I did not intend to hurt myself. I had been raised to believe Compassion was noble, that Self-Sacrifice was noble, and no greater calling can come to a man then to lay down his life for his family...
I know now how wrong and foolish that belief system is... It killed me!
One year ago today, on April 27th: I died!
David Cowan, RN, a heart-broken father, depressed husband, and self-sacrificing Nurse-Healer -- a long-sufferring and foolish foolish man -- passed away...

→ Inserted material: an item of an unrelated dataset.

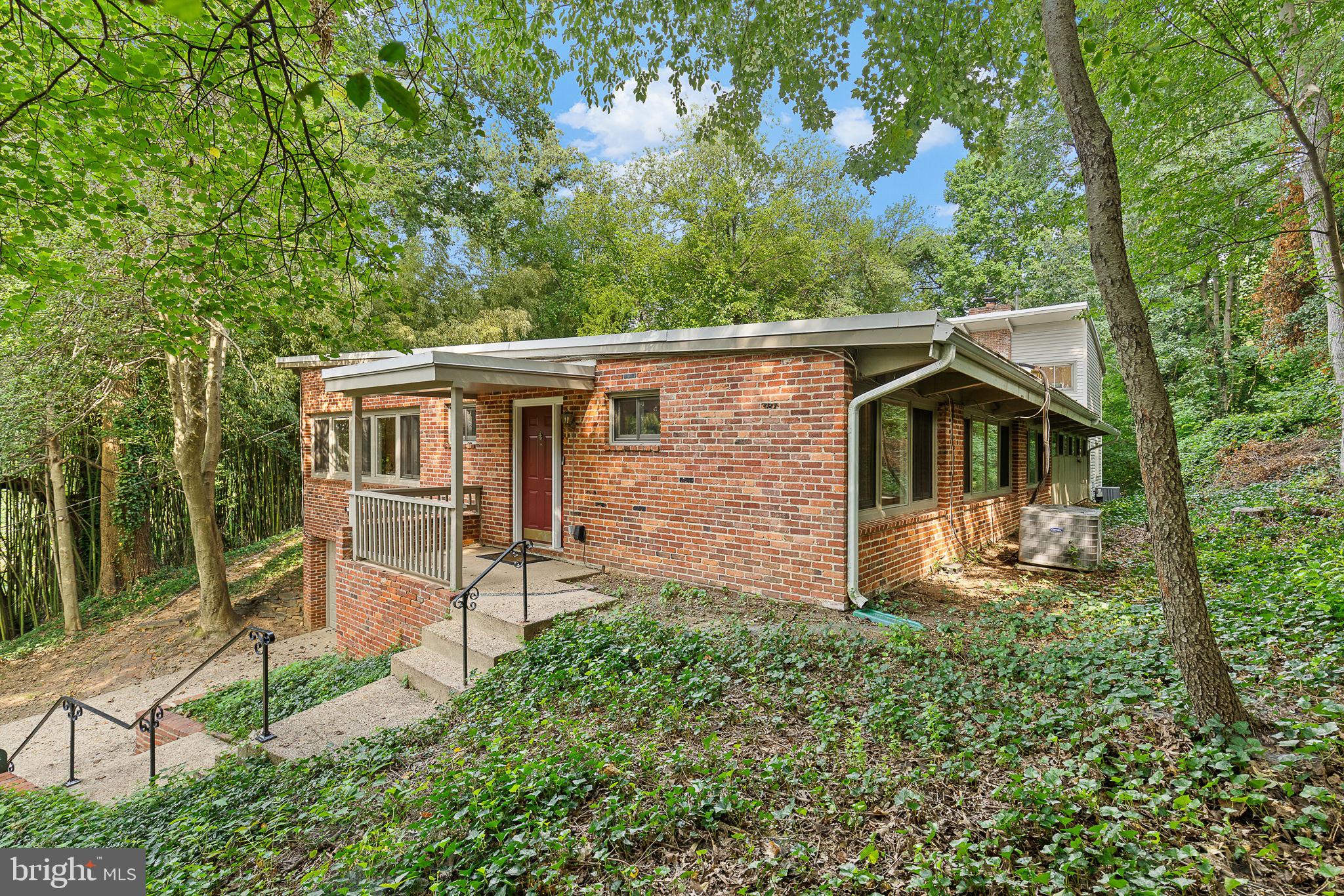 3012 CASTLE ROAD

And somehow, because of Spirit and Fate and the care of others, I was reborn as Pahka Dave: A loving husband, father of four wonderful adults and grandfather to eleven beautiful grandchildren.
Pahka -- in case you wonder -- is not a Hawaiian word. I am actually a native born Californian. But one of my granddaughters: Gweni, could not pronounce Poppa. She called me Pahka. The name stuck... I am proud to be Pahka Dave.
On Big Island, just before we left for Hilo to fly home, I said to Kalani: "Well, I guess this is some kind of initiation?"
And Kalani said: "That was a big Kupuna Initiation for sure! Now you get to live a new life as an Elder and Grandparent and be that one who knows the hard way."
Thank you Kalani for all your wisdom and guidance and for teaching me and sharing your Aloha, your Ohana, and your many Lessons of the Ha.
And thank you Jean for all your selfless generosity! When I think of you and your loving kindness towards Patti and me I still marvel at you and feel all weepy with gratitude.
You two will always especially be Hawaiian Angels to my new heart! Aloha mai. Aloha pono! I am blessed! A happy and grateful man! Hao la!
Enough for today. A beautiful day!
--Pahka Dave (Originally posted on 4-27-2013 one year to the day.)